---------- Given records
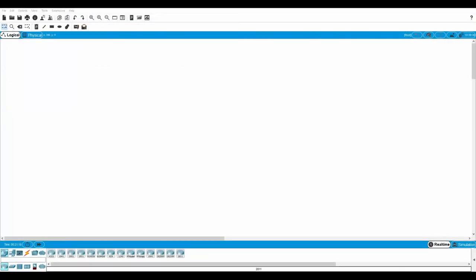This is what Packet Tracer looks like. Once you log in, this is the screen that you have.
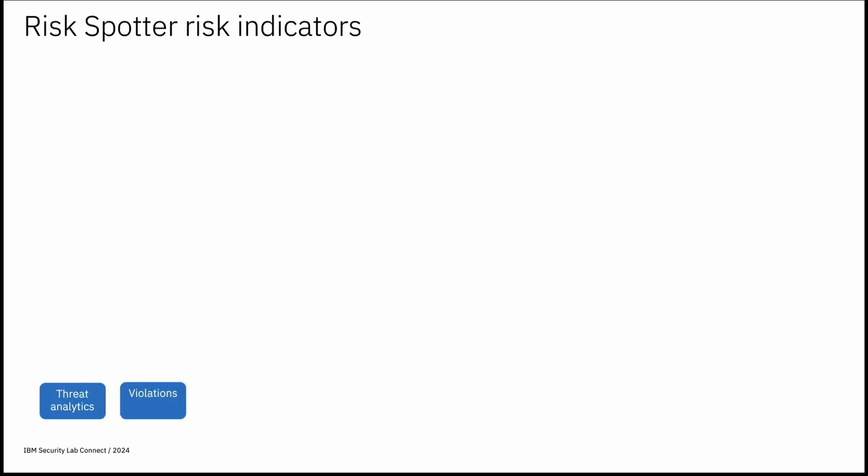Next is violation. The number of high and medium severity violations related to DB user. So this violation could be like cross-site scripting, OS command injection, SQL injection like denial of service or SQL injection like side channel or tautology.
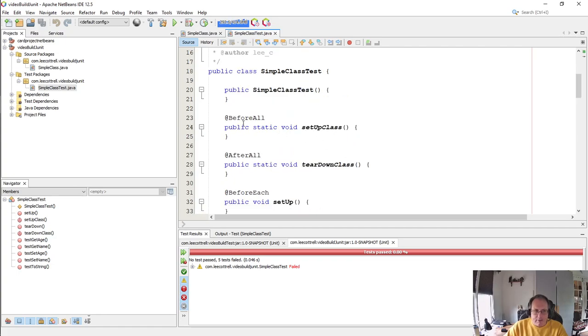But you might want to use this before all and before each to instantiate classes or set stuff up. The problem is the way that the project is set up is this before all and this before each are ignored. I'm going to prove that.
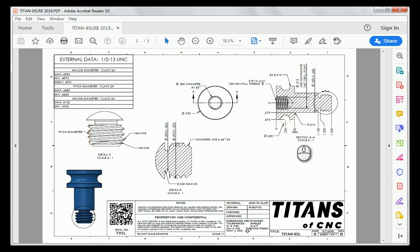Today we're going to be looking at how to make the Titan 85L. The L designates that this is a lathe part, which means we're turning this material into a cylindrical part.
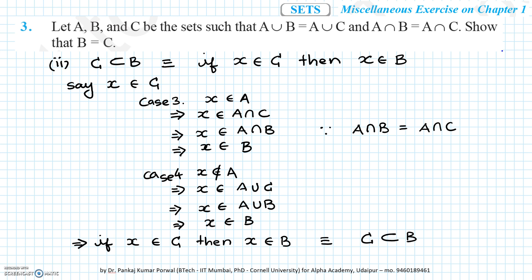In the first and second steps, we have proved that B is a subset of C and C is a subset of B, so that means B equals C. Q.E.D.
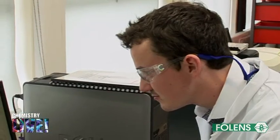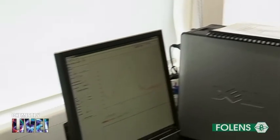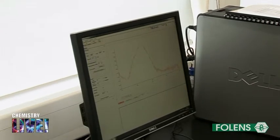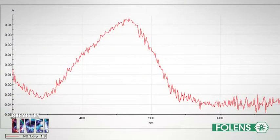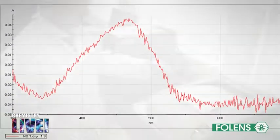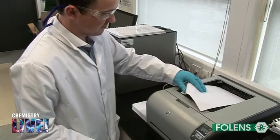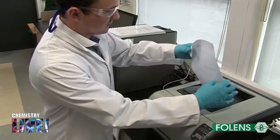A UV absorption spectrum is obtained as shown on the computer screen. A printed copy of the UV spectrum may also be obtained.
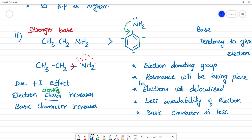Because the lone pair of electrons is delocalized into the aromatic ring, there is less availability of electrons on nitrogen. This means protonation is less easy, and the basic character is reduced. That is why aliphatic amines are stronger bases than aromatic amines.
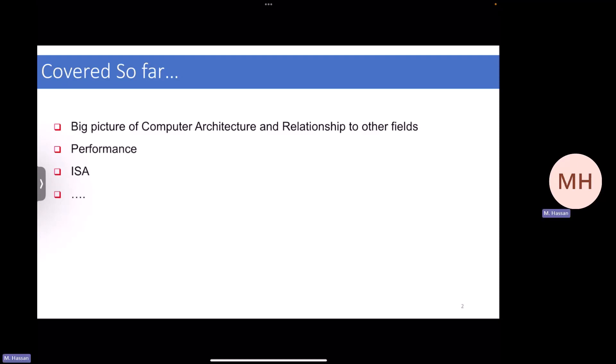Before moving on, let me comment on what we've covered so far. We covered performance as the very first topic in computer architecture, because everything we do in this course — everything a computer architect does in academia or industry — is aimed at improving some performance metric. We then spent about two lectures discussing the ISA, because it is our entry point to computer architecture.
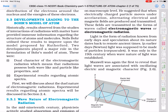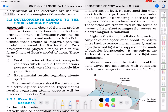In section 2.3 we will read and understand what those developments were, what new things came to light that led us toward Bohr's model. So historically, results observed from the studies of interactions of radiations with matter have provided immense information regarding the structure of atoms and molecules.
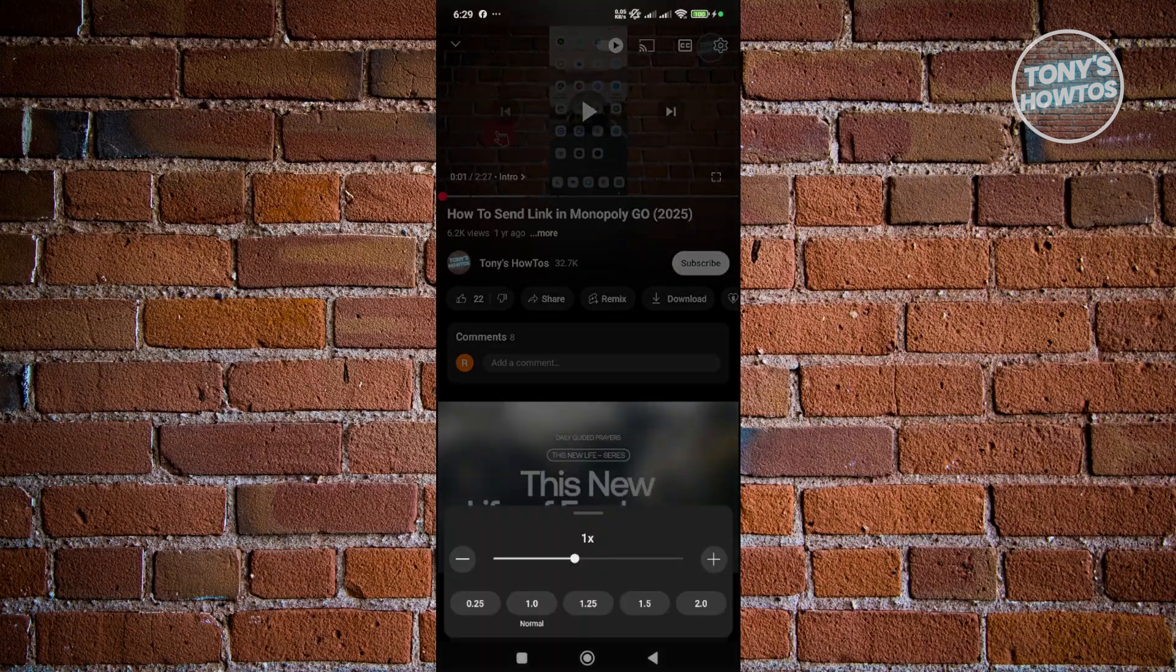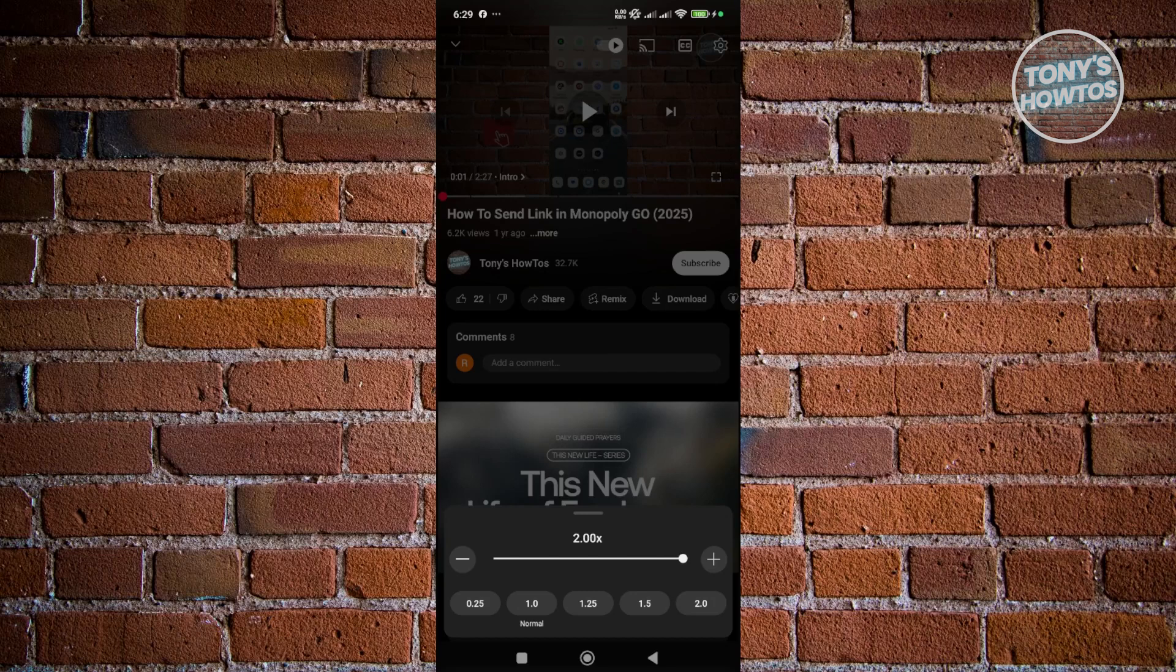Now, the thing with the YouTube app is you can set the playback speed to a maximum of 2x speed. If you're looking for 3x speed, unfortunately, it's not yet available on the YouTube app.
--------------------
---------- Given records
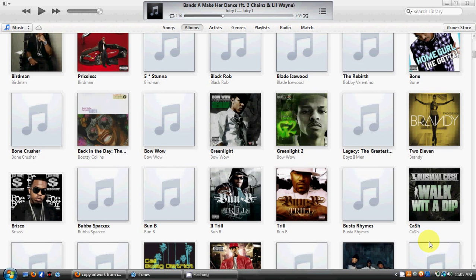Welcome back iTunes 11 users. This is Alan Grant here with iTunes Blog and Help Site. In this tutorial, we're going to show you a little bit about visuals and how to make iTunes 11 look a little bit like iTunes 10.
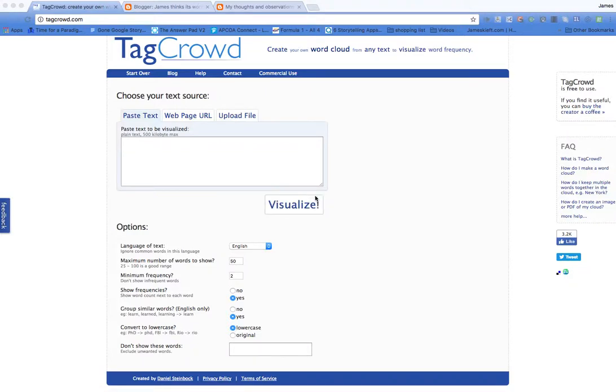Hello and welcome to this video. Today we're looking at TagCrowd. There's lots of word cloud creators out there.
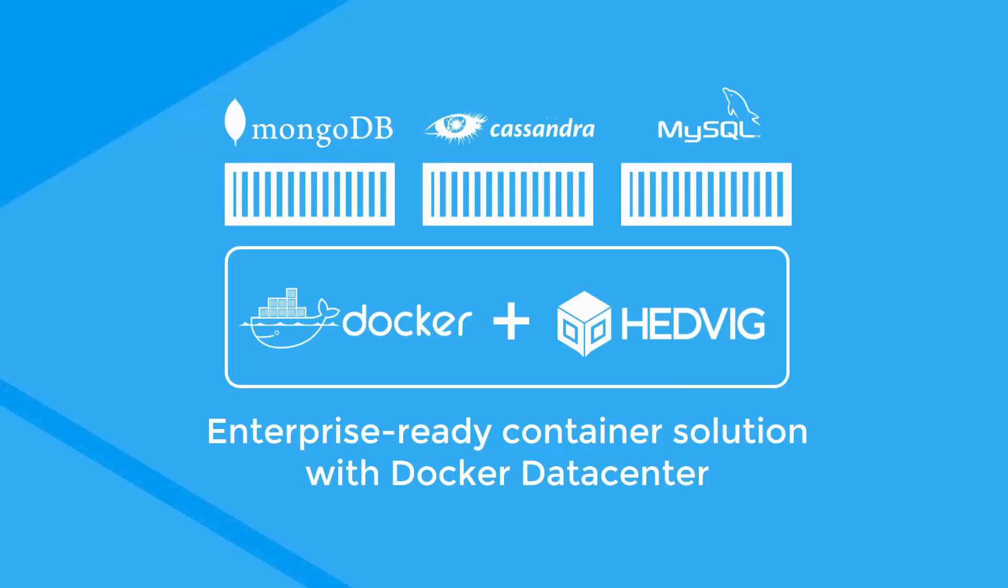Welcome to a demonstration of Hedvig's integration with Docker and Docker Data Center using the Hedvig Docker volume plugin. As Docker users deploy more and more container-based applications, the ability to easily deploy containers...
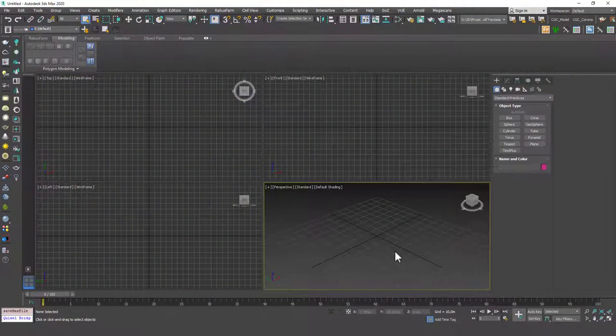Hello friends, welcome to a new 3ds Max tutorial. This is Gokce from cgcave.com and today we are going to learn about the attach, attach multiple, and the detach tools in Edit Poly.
--------------------
---------- Given records
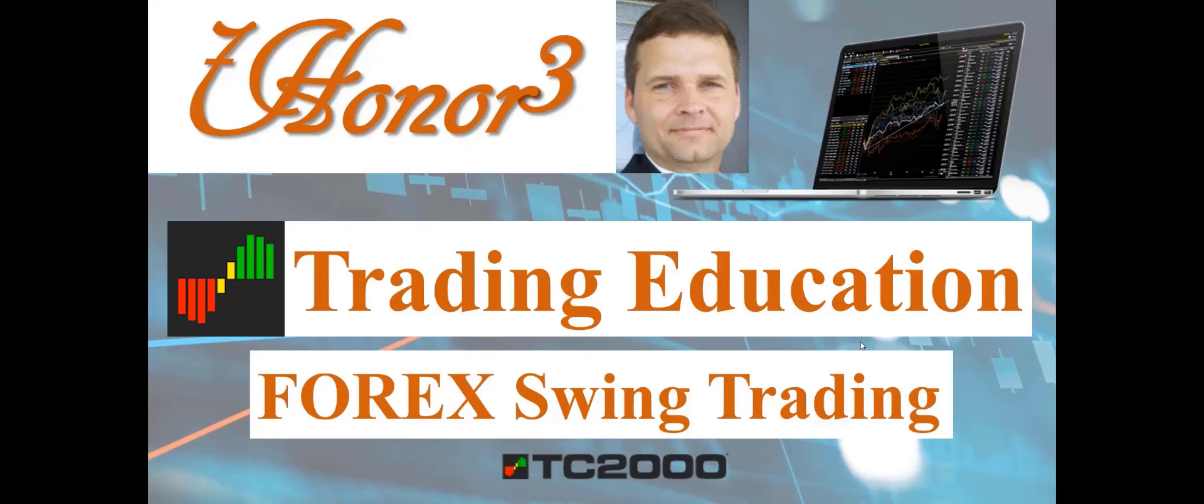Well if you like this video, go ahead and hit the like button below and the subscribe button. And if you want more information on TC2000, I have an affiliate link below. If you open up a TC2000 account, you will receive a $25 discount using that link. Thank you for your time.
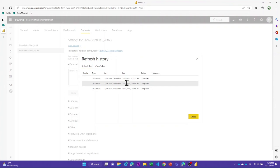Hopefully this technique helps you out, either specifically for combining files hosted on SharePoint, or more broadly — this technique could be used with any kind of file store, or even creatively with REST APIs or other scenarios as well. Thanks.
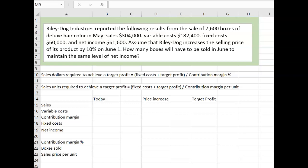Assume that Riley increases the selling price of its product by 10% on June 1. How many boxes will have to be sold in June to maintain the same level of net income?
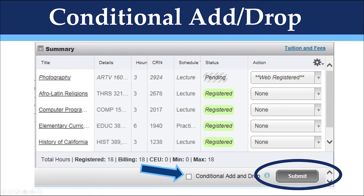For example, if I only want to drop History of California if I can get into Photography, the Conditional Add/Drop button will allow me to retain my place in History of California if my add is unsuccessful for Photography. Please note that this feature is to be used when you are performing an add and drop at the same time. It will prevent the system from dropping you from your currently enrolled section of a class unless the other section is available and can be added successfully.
--------------------
▶ **What needs to be done**
Write down exactly what the lines above say, from the line holding "This is what" through the line holding "Next is violation.", and nothing more. Do not copy the pictures.

▶ **Answer**
This is what Packet Tracer looks like. Once you log in, this is the screen that you have.
Next is violation. The number of high and medium severity violations related to DB user. So this violation could be like cross-site scripting, OS command injection, SQL injection like denial of service or SQL injection like side channel or tautology.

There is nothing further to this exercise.